### Data to examine
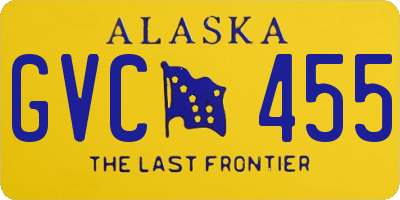 AK license plate GVC455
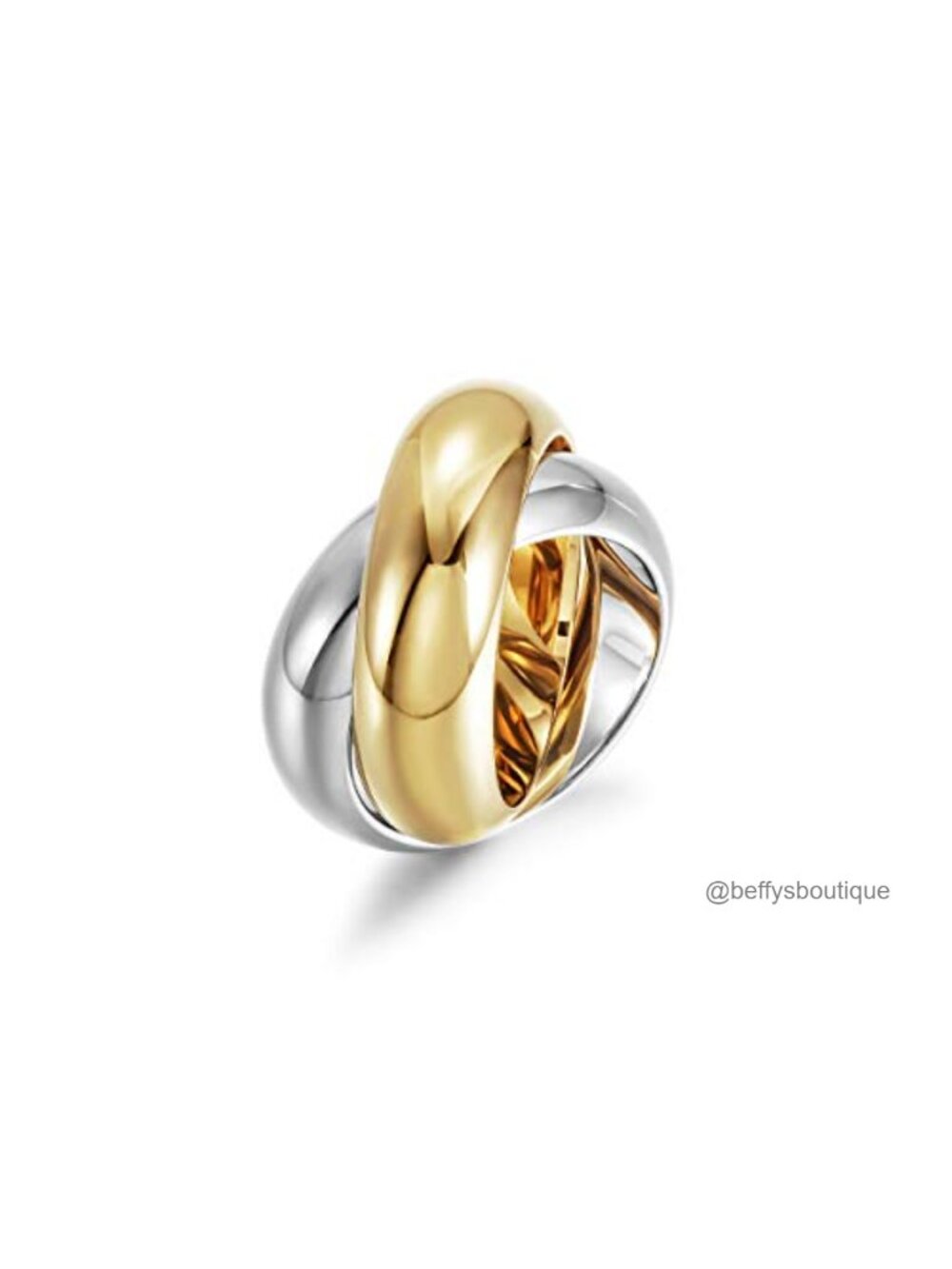 CIUNOFOR Two Tone Chunky Cocktail Ring Interlocked Gold Silver Wide Band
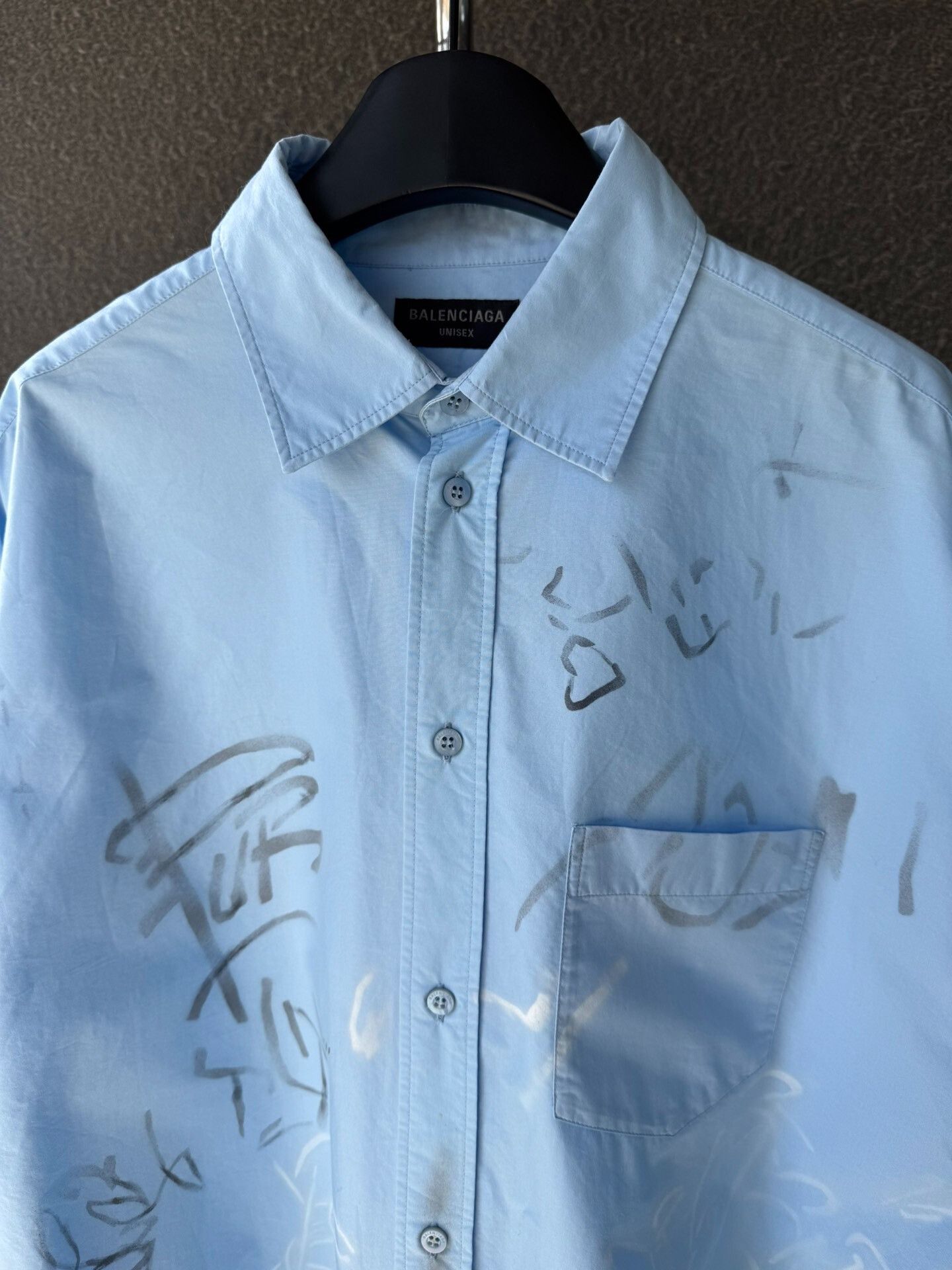 Balenciaga Balenciaga Graffiti Shirt Size 2 Secondhand Size S / US 4 / IT 40 - 3 Thumbnail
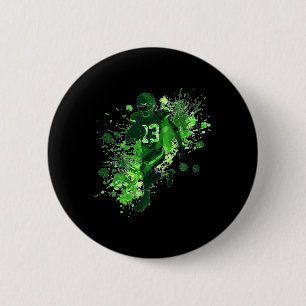Macaron Rond 5 Cm St Patricks Day Football Américain Trèfle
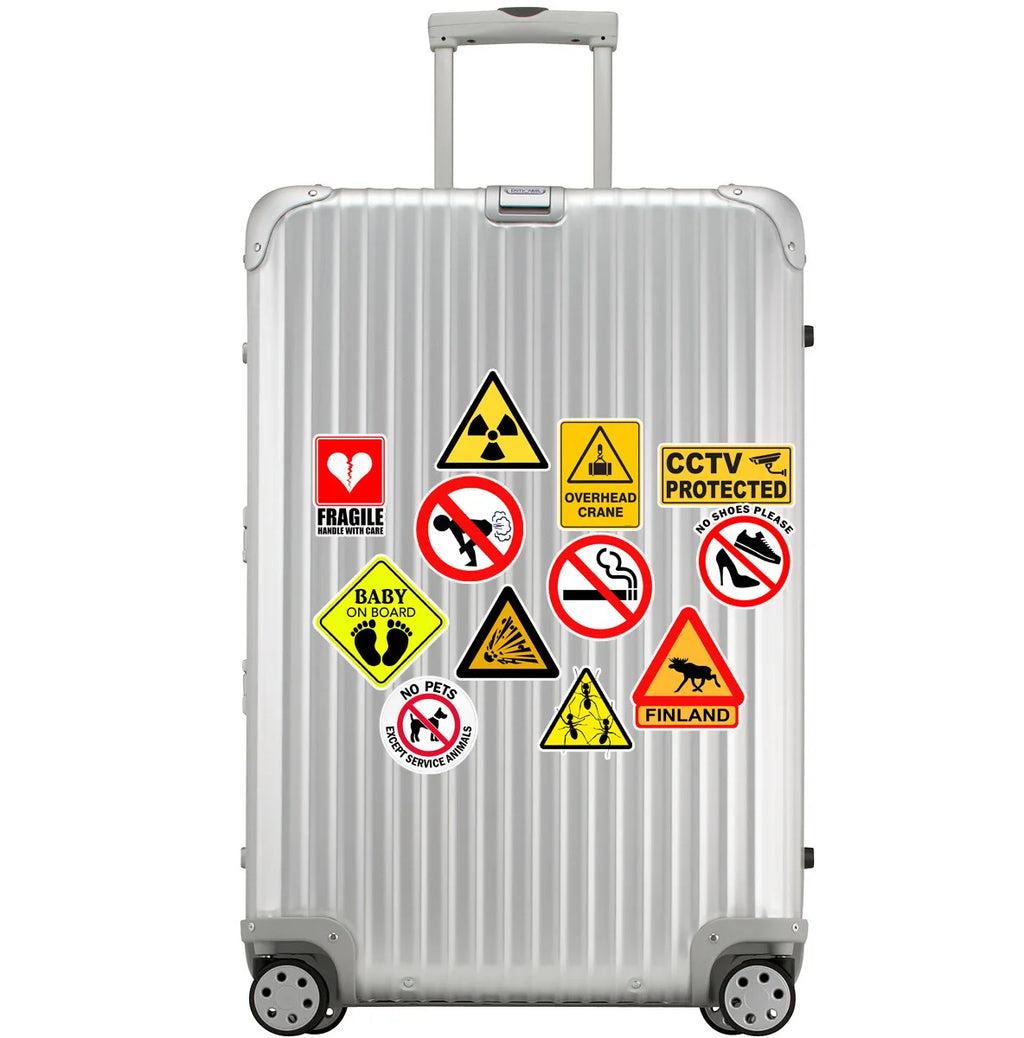 10/30/50 Pieces Warning Warning Signs Luggage Trolley Case Stickers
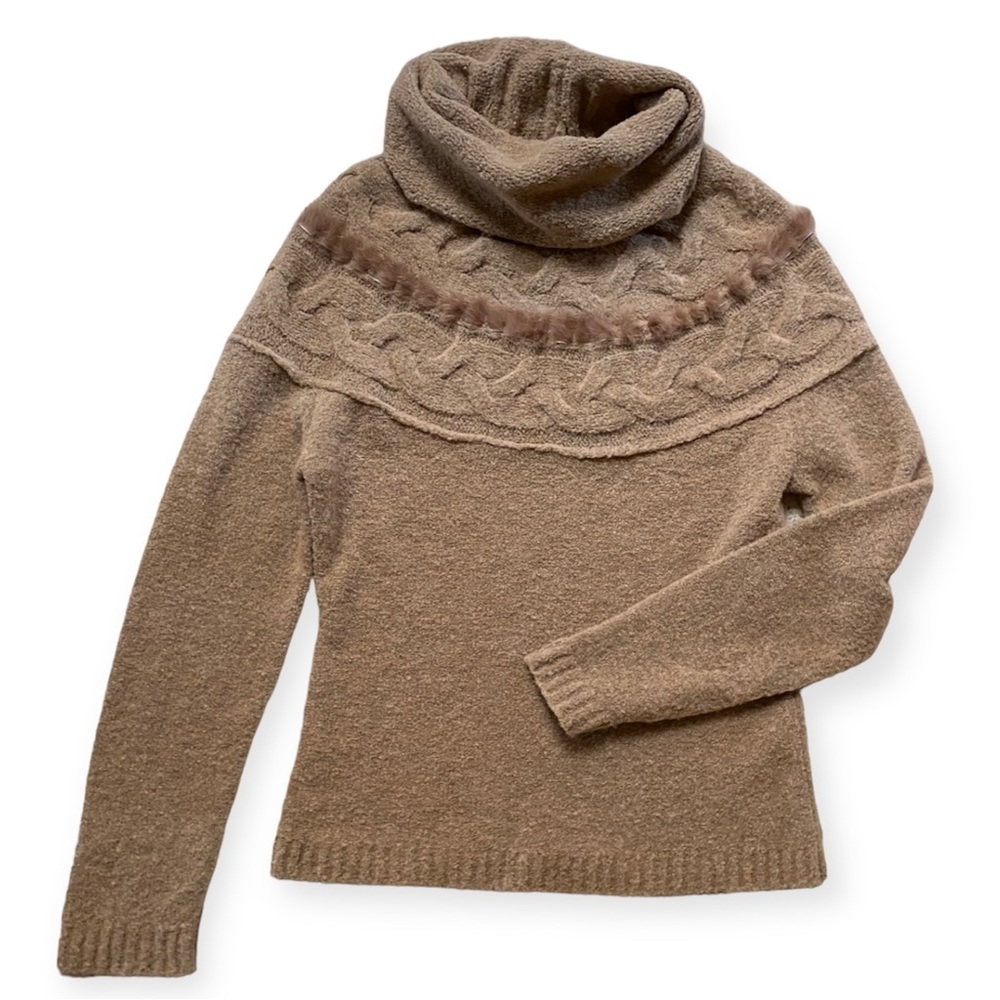 Olsen Turtleneck Sweater | Boucle braided knit | Neutral Tan Wool “Fur” Trim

### Exercise goal
Repeat exactly the lines above, from the line containing "CIUNOFOR Two Tone" through the last line of the records, inclusive; omit any pictures.

### Response for this exercise
 CIUNOFOR Two Tone Chunky Cocktail Ring Interlocked Gold Silver Wide Band
 Balenciaga Balenciaga Graffiti Shirt Size 2 Secondhand Size S / US 4 / IT 40 - 3 Thumbnail
Macaron Rond 5 Cm St Patricks Day Football Américain Trèfle
 10/30/50 Pieces Warning Warning Signs Luggage Trolley Case Stickers
 Olsen Turtleneck Sweater | Boucle braided knit | Neutral Tan Wool “Fur” Trim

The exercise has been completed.